Lines in Favor of Building the Albany and Susquehanna Railroad

The Albany-Susquehanna Railroad station at Delmar, in the town of Bethlehem
The Albany-Susquehanna Railroad station at Delmar, in the town of Bethlehem. Sourced from Wikimedia Commons.

When Albany was the hub of commerce, connecting the great markets of Montreal, Boston and New York to the heartland and the new West, being able to get your goods to our ancient city was highly important. Connection to the major railroads or the Erie Canal was critical. What is now the Interstate 88 corridor, the areas of Cobleskill, Oneonta, and beyond, suffered for a very long time from lack of access to urban markets, being a long way off the canal or the railways that followed it. Finally came the Albany-Susquehanna Railroad, which connected the Schoharie valley to the capital in 1863, and just a few years later reached Binghamton.
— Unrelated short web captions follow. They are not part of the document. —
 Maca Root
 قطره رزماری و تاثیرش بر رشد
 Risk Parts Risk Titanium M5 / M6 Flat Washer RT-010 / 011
Like all great (and most non-great) railroads, it inspired a fair amount of prose over the years, including a 1903 volume by Harley Dana Tuttle, who bestowed posterity with “Stray Poems and Early History of the Albany and Susquehanna Railroad.” Noting the struggle for approval of the railroad in the first place, in 1856 Cobleskill’s Tuttle wrote many, many “Lines in Favor of Building the Albany and Susquehanna Railroad,” of which these are only the last:

Close at our backs we’ll have the west,
With all its verdure richly dressed;
New York and Boston at our feet,
And Albany we’ll hourly greet.
Thus joined unto the business world,
Progression’s flag will be unfurled;
And men will prize the railroad’s sway
That now upbraid its cause today.
How shall we do it? some may ask,
And ’tis indeed a heavy task.
Go, sirs, and sign the railroad bill,
It will not cause you any ill;
But then some say it is not just
That they be taxed to raise the “dust,”
While yet they are in truth confessing
The road would be to them a blessing.
Why then not pay your honest part,
And do it with a cheerful heart?
But if there is a single soul
So lost to reason’s right control,
As not to prize a railroad’s sway,
To him I would most humbly say,
Go seek some dark sequestered glade,
Beneath some lonely mountain’s shade,
And with some moss beneath your head,
Make beech leaves answer for your bed.
Rest on, ye sloths! in quiet sleep,
While tree toads ’round you vigil keep!